Recently a picture of the Lindisfarne Gospels taken from the British Library website became a featured picture even though the BL explicitly claims copyright on it and that claim may well hold up in a British court.
In my opinion there's nothing wrong with Wikipedia using that image even if non-encyclopec down-stream users can't. I'm sure they would allow a Wikibook too if you ask them. If you can get them to release it under CC-BY that would of course be great. And if you can get a PD image of a z-machine which is as good as this one I salute you.
Well, the policy of Wikipedia disagrees with you, and has for a fairly long time.
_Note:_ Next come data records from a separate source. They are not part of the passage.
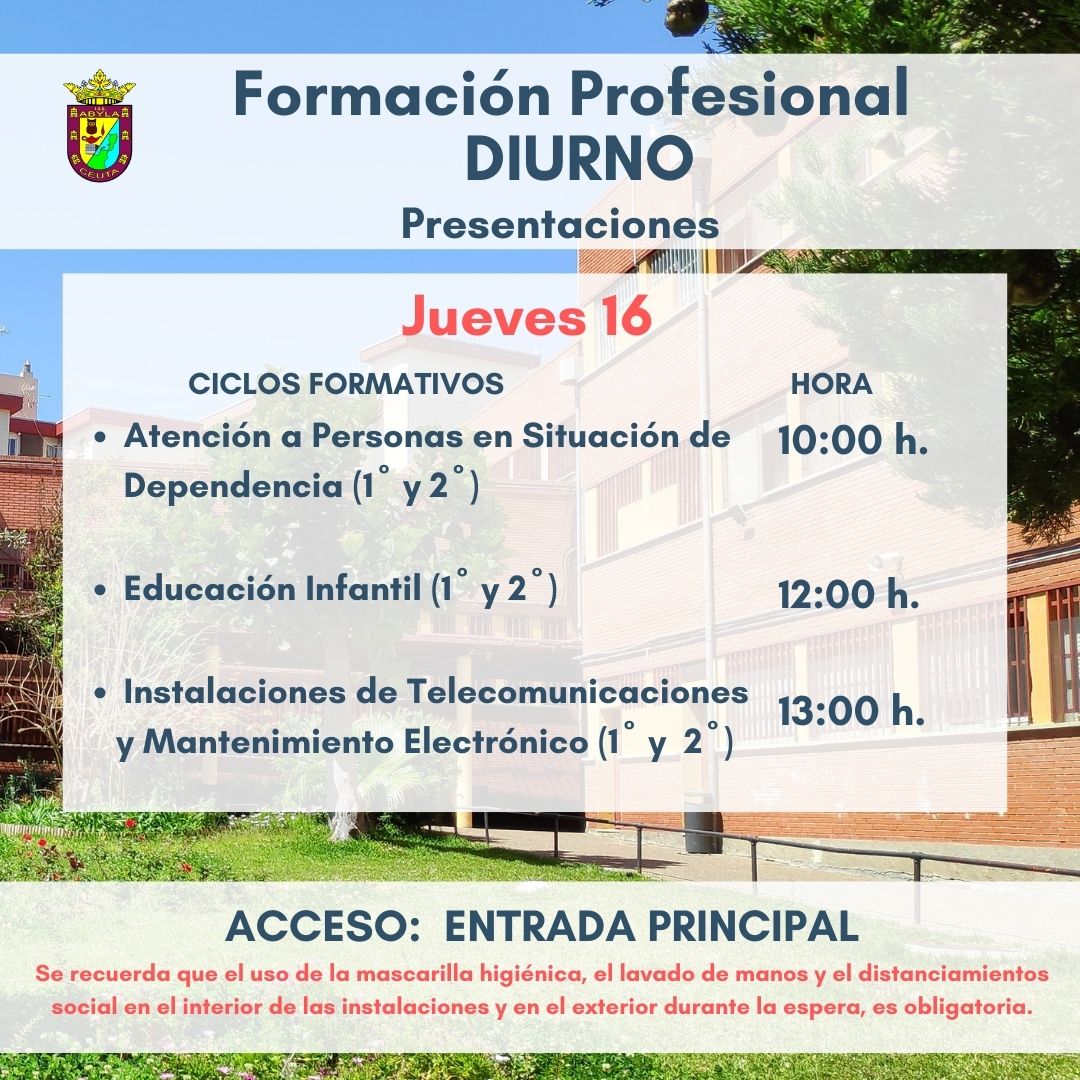 Presentaciones FP DIURNO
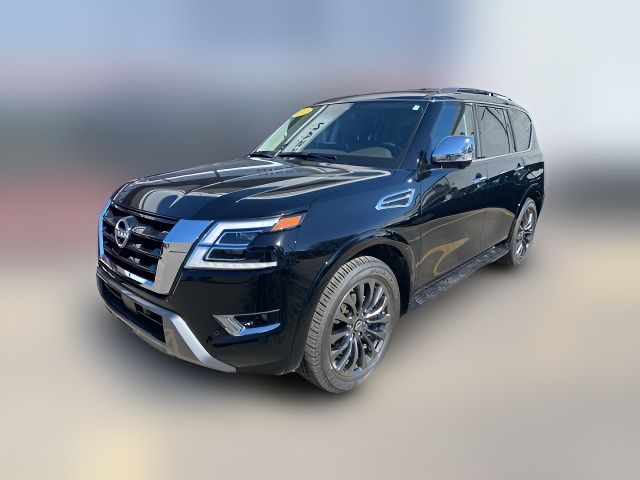 2024 Nissan Armada Platinum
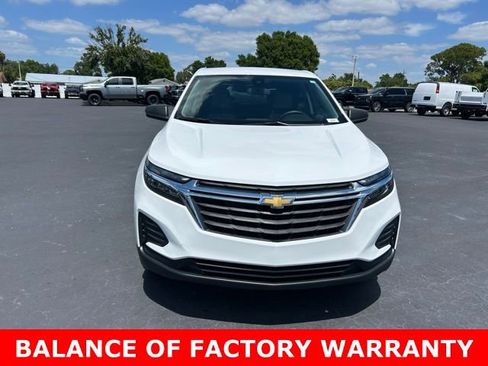 Used 2024 Chevrolet Equinox LS image 2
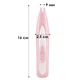 Электрическая машинка с подсветкой Lesko DT819 Pink для стрижки шерсти бритья лап кошек собак - изображение 5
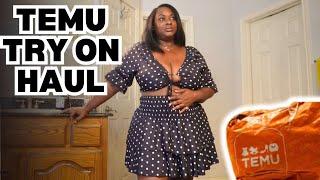 Fabulous Plus-Size Fashion Haul: 3 Chic Looks from Temu for 2024!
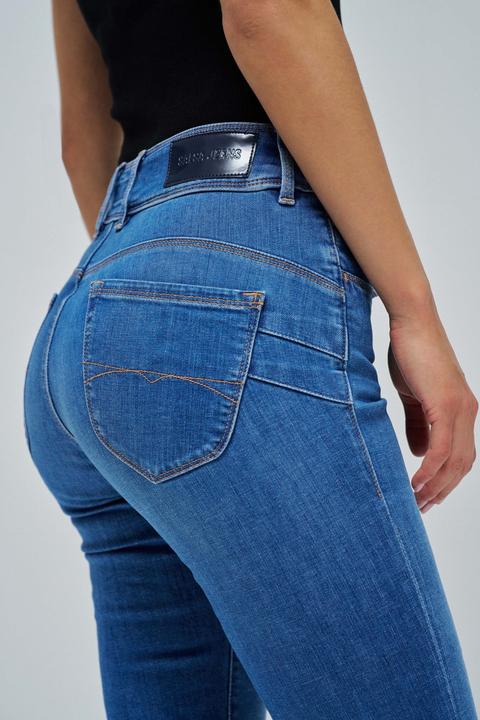 Actual product image Salsa Jeans Shorts Bermuda Secret Denim (30)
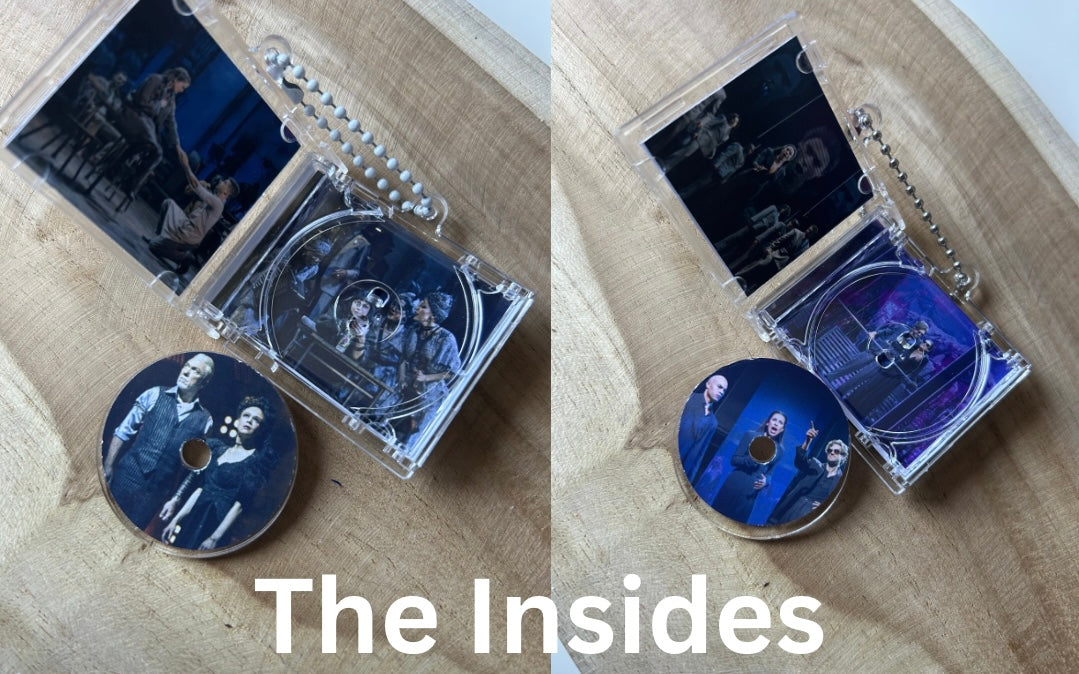 Broadway Musicals || Mini CD Keychain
I know. And I will abide by it. But I will also argue that it should be changed.
No-one in this thread has suggested we break the law.
Fair enough. Pardon my tunnel vision, because the vast majority of images being canned right now are not cases where we have been given permission and in those cases people are suggesting we break the law.
Fair enough. I'm sure this is a stressful job and I applaud you for doing it.
As I said, if the images are not tagged it is impossible short of having someone read all of the image texts and removing a lot of images that are free but left untagged.
Agreed. But if we properly tag everything the technical problem is a minor one.
Downstream work which is visable to you, there is a lot of substanital downstream work which isn't useless and in any case we are not providing freedom if we exclude even the stupid mirrors.
I don't want to exclude stupid mirrors or anyone else. If a neo-nazi wants to publish Wikipedia content modified to a nazi POV that's fine with me as long as she respects the GFDL.
But I hope you'll agree that we have a visibility problem here. We're losing the excellent Eastern Yellow Robin.jpg because its author won't release it for use outside of Wikipedia, due to concern about stupid commercial mirroring.
We should by all means try to highlight the positive reuse that the GFDL allows.
With permission isn't a lame excuse, it's a good one.. but it's still not one we can always accept.
I'm arguing that in many cases it is no worse an excuse than the U.S.-specific legal niceties currently tolerated.